(Lansing, MI) – On Monday, May 16 State Senator Patrick Colbeck (R-Canton) hosted a free public screening of the education documentary Waiting for Superman. Immediately following the screening was a panel discussion focused on the issues raised in the film.
The evening’s panelists included: Senate Education Committee members Patrick Colbeck and Hoon-Yung Hoopgood (D-Taylor), chief of staff for Senator Bert Johnson (D- Highland Park) Adam Hollier and former senator and Education Committee chair Wayne Kuipers (R-Holland).
“I hosted this movie screening and forum in order to bring together parents, teachers and legislators in a setting where ideas for reforming our state’s education system could be discussed openly,” Colbeck said. “The movie Waiting for Superman served as a catalyst for the conversation about how we promote highly-qualified teachers in all of our classrooms and ensure a quality education for all of our students.
“Many people have asked me why show this movie. My response is that I believe it’s important to remember that through all of the discussions about spending, education reform, and administrative logistics there are real people behind the scenes that don’t often get a voice in this conversation that are struggling to do what’s best for the children.
“There are excellent teachers in every school – from public to private to charter – and the goal is not to pit one type of education option against another but rather to ensure a quality education is available through all education avenues.

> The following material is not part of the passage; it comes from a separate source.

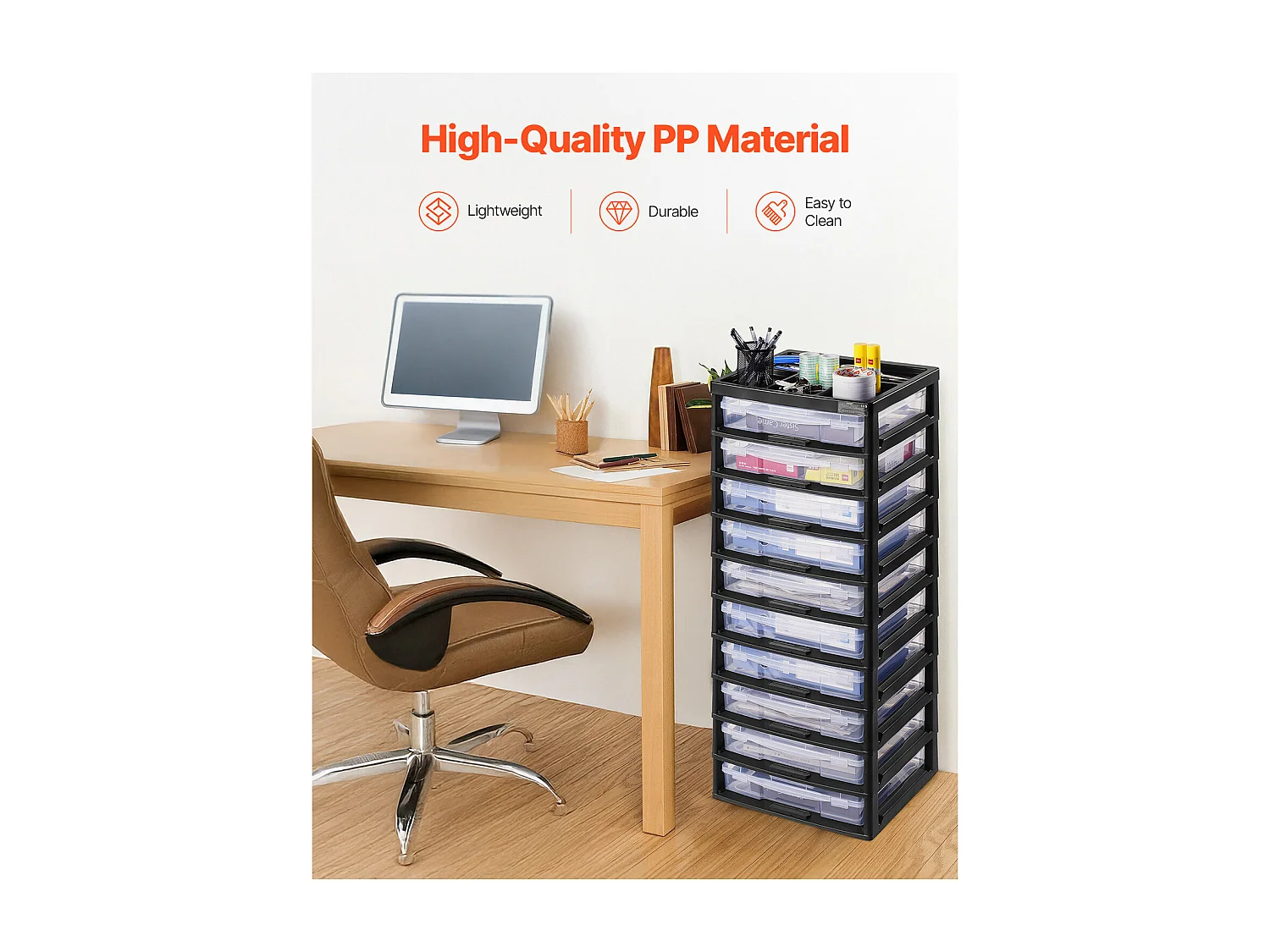 Rangement de Bureau en Plastique SucceBuy, à 10 Niveaux, Grande Capacité avec Organiseur Supérieur, Cadre Noir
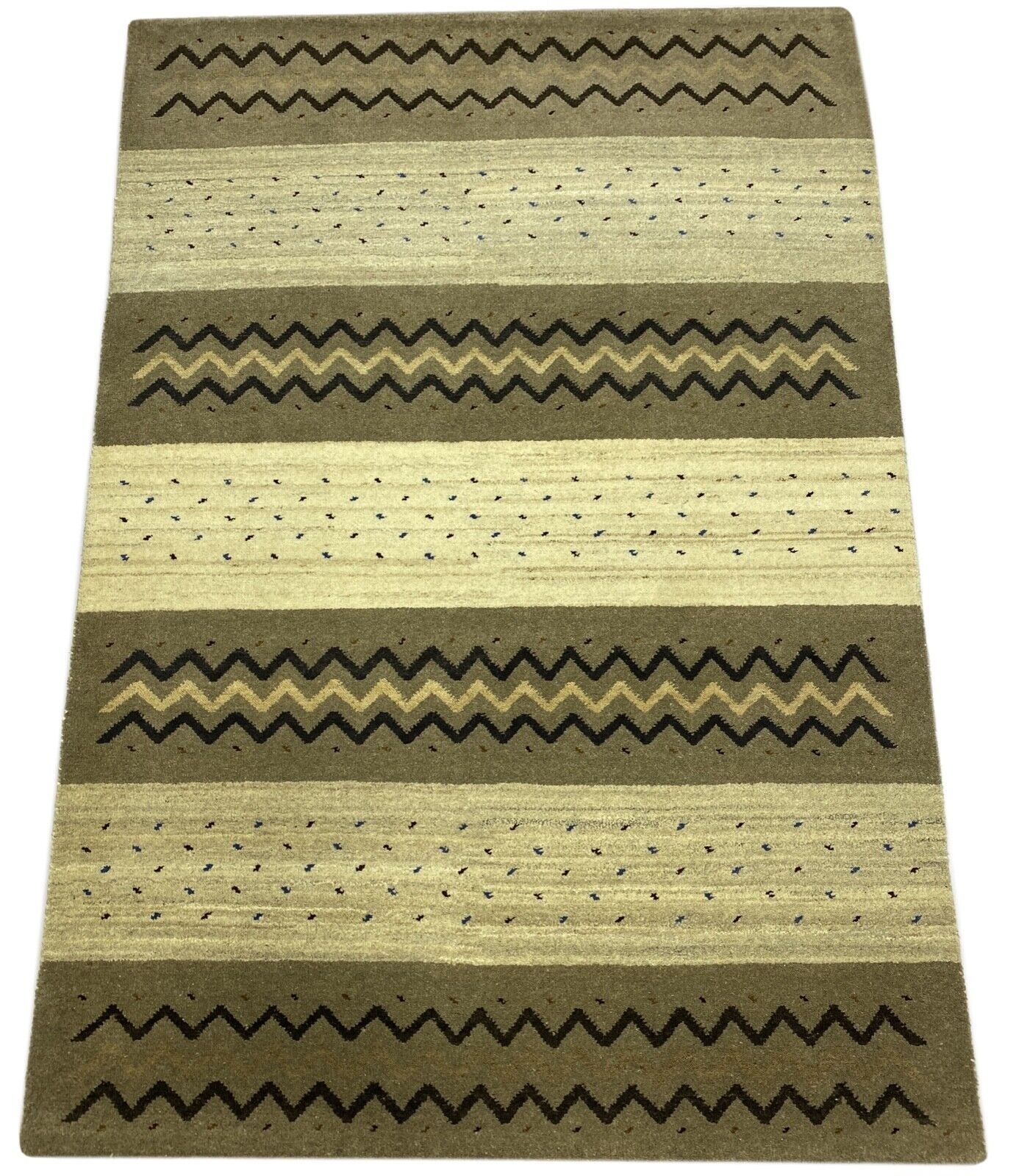 Gabbeh Teppich 100% Wolle Beige Braun Handgeknüpft 170X240 cm WR41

“I would like to thank all of those who took time out of their busy schedule to participate in the forum and help shape the education policy of our state for future generations,” Colbeck concluded.
The film was directed by Davis Guggenheim who also directed Al Gore’s documentary, An Inconvenient Truth. The movie follows five children and their parents/guardians as they make their way through our education system.
The documentary has won critical acclaim from film critics, the media and members of the education community. Time magazine reviewed the movie and concluded, “This is more than an Important Documentary: it is engaging and, finally, enraging — as captivating as any Superman movie, and as poignant as a child's plea for help.”